# PRD: OpenTelemetry Tracing for MCP Server
**Created**: 2025-10-03
**Status**: Draft
**Owner**: Viktor Farcic
**GitHub Issue**: [#137](https://github.com/vfarcic/dot-ai/issues/137)
**Last Updated**: 2025-10-03
## Executive Summary
Add OpenTelemetry distributed tracing to the MCP server to provide vendor-neutral observability for debugging complex multi-step workflows, measuring AI provider performance, and understanding Kubernetes operation latency. This enables production-ready monitoring without infrastructure lock-in.
## Problem Statement
The DevOps AI Toolkit MCP server handles complex operations including:
- Multi-step workflows (buildPlatform: list → submitAnswers → execute)

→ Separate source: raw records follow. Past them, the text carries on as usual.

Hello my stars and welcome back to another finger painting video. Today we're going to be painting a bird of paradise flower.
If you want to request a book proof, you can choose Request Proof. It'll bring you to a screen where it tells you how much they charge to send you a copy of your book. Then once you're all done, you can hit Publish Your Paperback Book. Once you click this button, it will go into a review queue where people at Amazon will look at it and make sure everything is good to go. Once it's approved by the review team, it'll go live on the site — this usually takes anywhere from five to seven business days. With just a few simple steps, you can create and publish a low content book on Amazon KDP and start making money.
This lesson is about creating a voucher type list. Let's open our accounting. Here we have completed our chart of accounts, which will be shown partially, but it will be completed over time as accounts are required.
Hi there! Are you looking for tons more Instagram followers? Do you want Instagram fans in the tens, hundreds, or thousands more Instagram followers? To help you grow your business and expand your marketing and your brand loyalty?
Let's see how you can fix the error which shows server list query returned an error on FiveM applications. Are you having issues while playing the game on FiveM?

- AI provider calls (Claude, OpenAI) with variable latency
- Kubernetes cluster operations (discovery, deployment, remediation)
- Session-based stateful interactions across tool calls
- HTTP/SSE and STDIO transport protocols
**Current Gap**: No distributed tracing capability to understand:
- Where time is spent in multi-tool workflows
- Which AI provider calls are slow or failing
- How Kubernetes API latency impacts user experience
- How errors correlate across complex request chains
**Impact**: Difficult to debug performance issues, optimize AI costs, and troubleshoot production incidents.
## Documentation Changes
### Files Created/Updated
- **`docs/observability-guide.md`** - New File - Complete guide for OpenTelemetry tracing, configuration, and usage
- **`docs/deployment-guide.md`** - Updated - Add tracing configuration for production deployments
- **`docs/development-guide.md`** - New File - Developer guide for adding instrumentation to new tools
- **`README.md`** - Project Overview - Add observability to core capabilities
- **`src/core/tracing/`** - Technical Implementation - OpenTelemetry instrumentation modules
### Content Location Map
- **Feature Overview**: See `docs/observability-guide.md` (Section: "What is Distributed Tracing")

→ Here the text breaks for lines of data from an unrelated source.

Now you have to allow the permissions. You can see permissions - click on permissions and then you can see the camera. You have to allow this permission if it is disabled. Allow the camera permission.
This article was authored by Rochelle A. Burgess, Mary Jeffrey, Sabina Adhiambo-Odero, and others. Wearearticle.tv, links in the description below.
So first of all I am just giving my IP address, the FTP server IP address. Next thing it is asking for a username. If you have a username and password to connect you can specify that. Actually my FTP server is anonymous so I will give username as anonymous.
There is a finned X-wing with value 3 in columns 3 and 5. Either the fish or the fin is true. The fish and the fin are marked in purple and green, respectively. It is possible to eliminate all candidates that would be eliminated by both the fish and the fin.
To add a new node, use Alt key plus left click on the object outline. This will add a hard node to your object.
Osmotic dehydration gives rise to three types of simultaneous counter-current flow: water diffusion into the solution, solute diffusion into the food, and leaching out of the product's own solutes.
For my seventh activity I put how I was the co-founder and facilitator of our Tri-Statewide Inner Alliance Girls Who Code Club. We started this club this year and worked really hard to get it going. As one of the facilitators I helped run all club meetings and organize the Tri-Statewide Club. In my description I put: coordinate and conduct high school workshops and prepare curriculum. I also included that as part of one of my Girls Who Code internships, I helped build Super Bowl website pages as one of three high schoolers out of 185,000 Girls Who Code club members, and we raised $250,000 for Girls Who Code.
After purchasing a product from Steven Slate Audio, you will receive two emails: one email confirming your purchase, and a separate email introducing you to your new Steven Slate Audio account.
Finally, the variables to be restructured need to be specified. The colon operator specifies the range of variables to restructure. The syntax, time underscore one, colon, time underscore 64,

- **Configuration**: See `docs/observability-guide.md` (Section: "Setup and Configuration")
- **Tool Instrumentation**: See `docs/development-guide.md` (Section: "Adding Tracing to Tools")
- **Production Deployment**: See `docs/deployment-guide.md` (Section: "Observability Configuration")
- **Trace Analysis**: See `docs/observability-guide.md` (Section: "Understanding Traces")
- **Integration Examples**: See `docs/observability-guide.md` (Section: "Backend Integration")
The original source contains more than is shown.